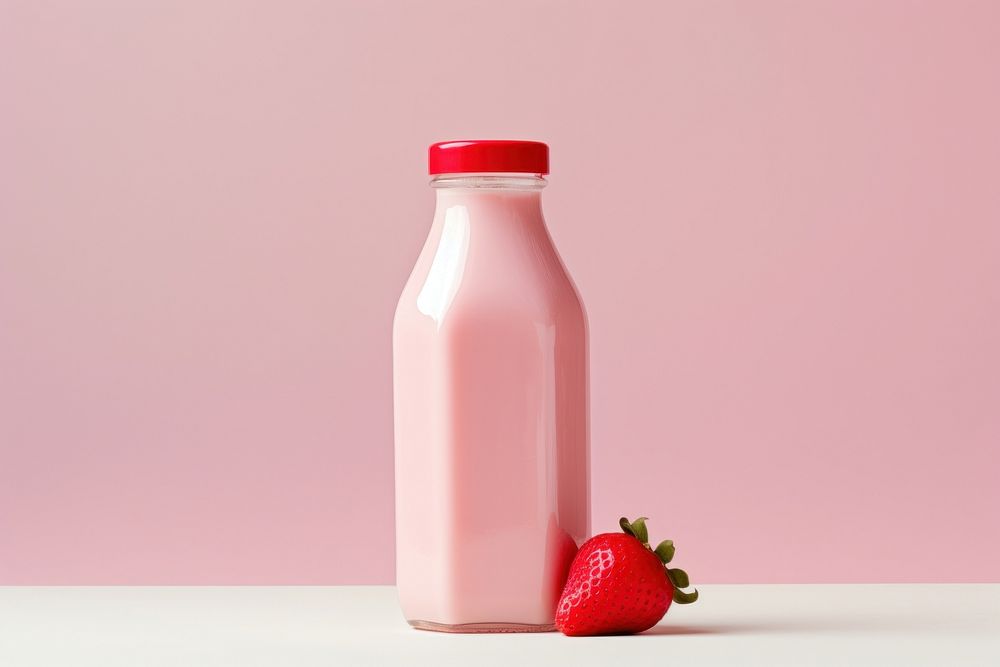 Strawberry milk bottle dairy fruit. AI generated Image by rawpixel.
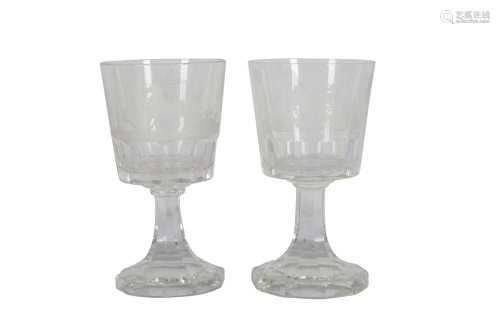 A PAIR OF LARGE CLEAR GLASS GOBLETS, IN THE BOHEMIAN TASTE, ...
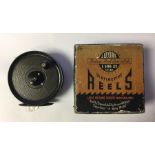 Angling interest: A boxed 3.5 inch  "Pridex" fishing reel by JW Young & Sons.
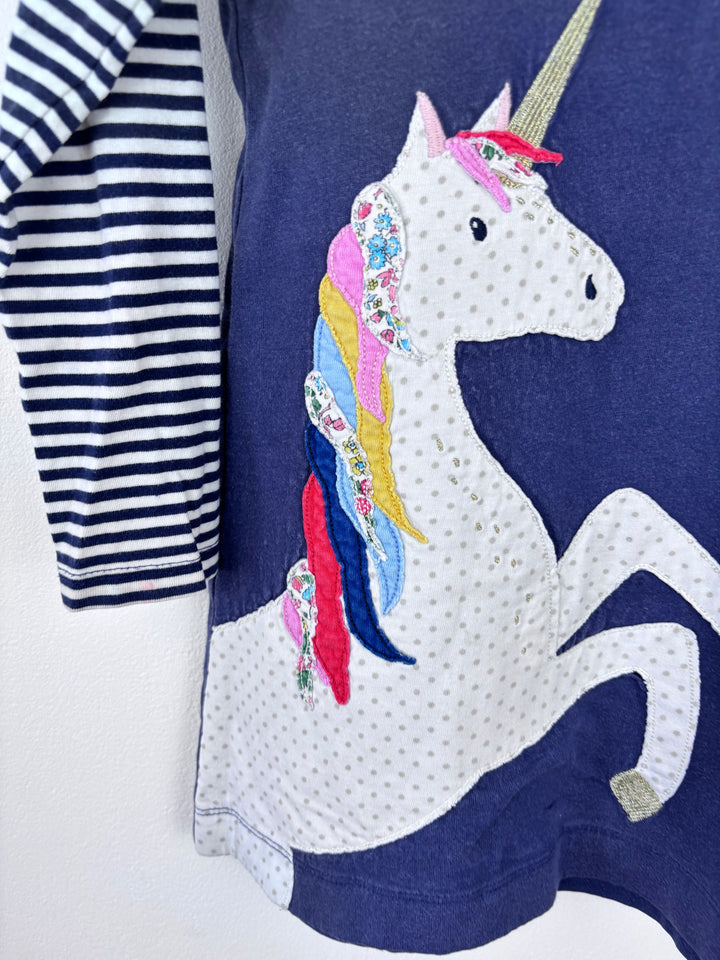 Mini Boden Navy Unicorn Appliqué Top 2-3 Years - PLAY-Dresses-Second Snuggle Preloved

** TASK ITEM **
Give back the material word for word, without images.

** OUTPUT OF THE TASK **
 Strawberry milk bottle dairy fruit. AI generated Image by rawpixel.
 A PAIR OF LARGE CLEAR GLASS GOBLETS, IN THE BOHEMIAN TASTE, ...
 Angling interest: A boxed 3.5 inch  "Pridex" fishing reel by JW Young & Sons.
 Mini Boden Navy Unicorn Appliqué Top 2-3 Years - PLAY-Dresses-Second Snuggle Preloved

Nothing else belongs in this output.